FAIT DU JOUR Journée des aidants : qui sont ces "invisibles du quotidien" et que fait-on pour eux ?
Ce jeudi 6 octobre, se tient la journée nationale des aidants. Des événements sont organisés partout dans le Gard pour mettre en lumière et offrir une respiration à ces "invisibles du quotidien". Mais qui sont les aidants ? À quoi ressemble leurs journées ? Qu'est-ce qui est mis en place pour eux sur les territoires ? On fait le point.
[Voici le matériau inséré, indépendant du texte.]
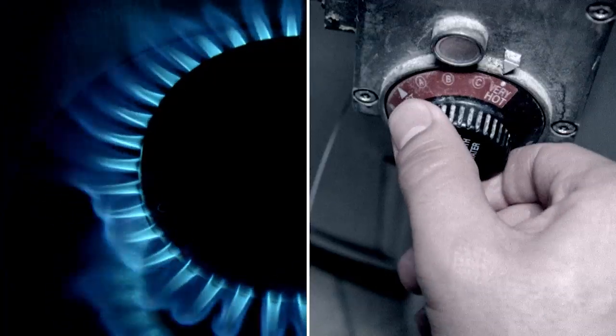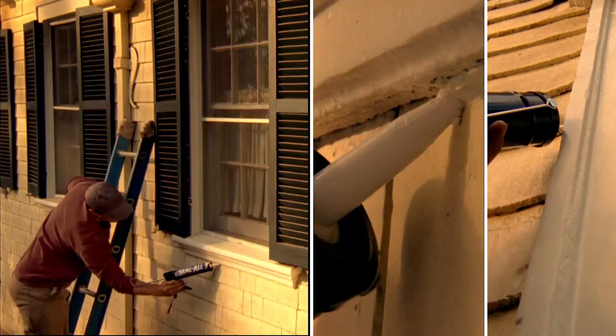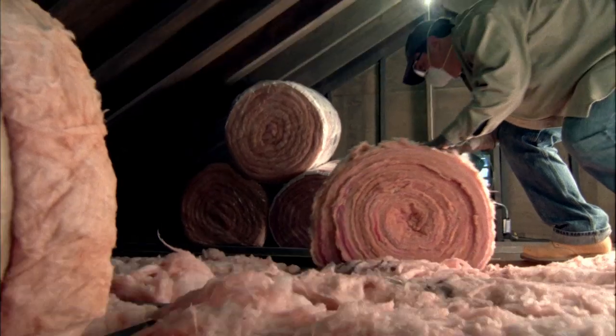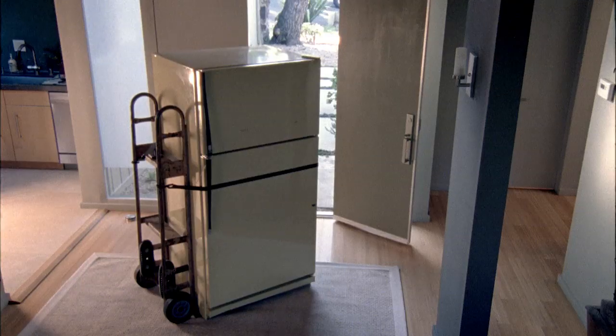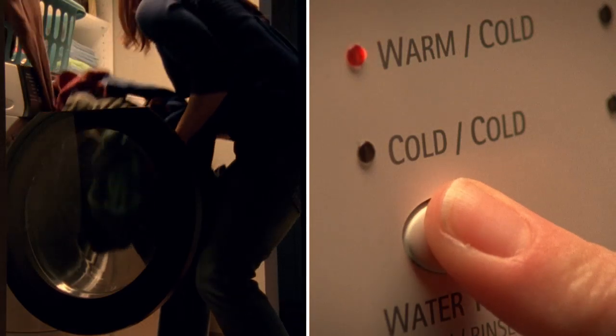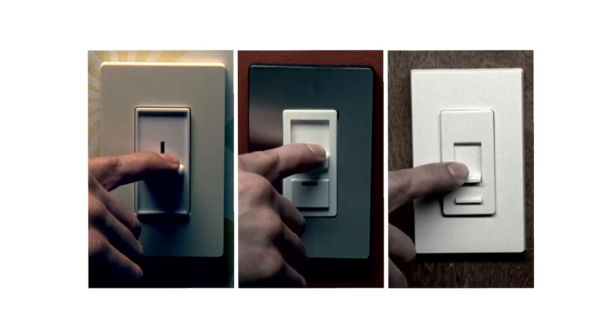You can turn it off. You can turn it down. You can seal it up. You can make it shine. You can automate or insulate. You can reduce, recycle, replace, or just reevaluate. You can clean it, close it, cool it, dry it, or dim it.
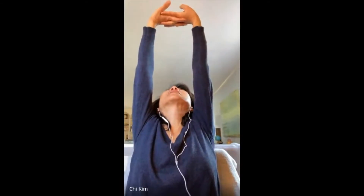Inhale up again. Put your head back. And exhale down. On this, you want to remember to practice your inhaling — make sure you're breathing. Inhale up. And exhale down.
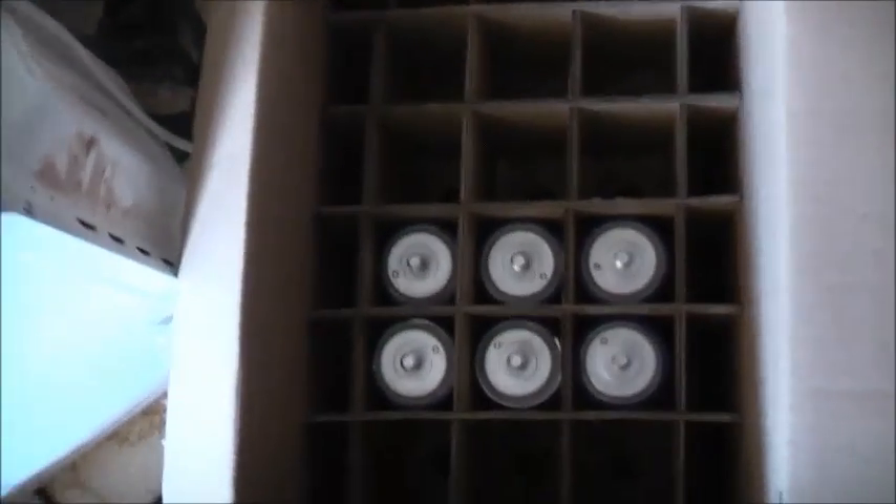I think I've got some strapping somewhere — I'm not 100% sure, I have to check in the shed. I'm going to have to find some lugs to fit those things. But there you go — I've got six of those inside there.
Un aidant ou proche aidant est quelqu'un qui assiste au quotidien une personne handicapée ou en perte d'autonomie de son entourage. Cela peut être un senior qui s'occupe de sa moitié, un adulte qui prend soin d'un parent âgé ou des parents en charge de leur enfant handicapé. Les situations sont multiples mais très répandues. Le ministère de la Santé estime entre 8 et 11 millions le nombre d'aidants en France. Pourtant leur statut peine à être reconnu. Certains aidants peuvent tomber dans un sentiment d'isolement, d'oubli de soi en s'occupant pleinement de leur proche. D'autres le vivent mieux, même si le quotidien n'est pas toujours rose. C'est le cas de Jean Joubert, un Villeneuvois de 83 ans, qui a été l'aidant de sa compagne, Nicole, pendant huit ans.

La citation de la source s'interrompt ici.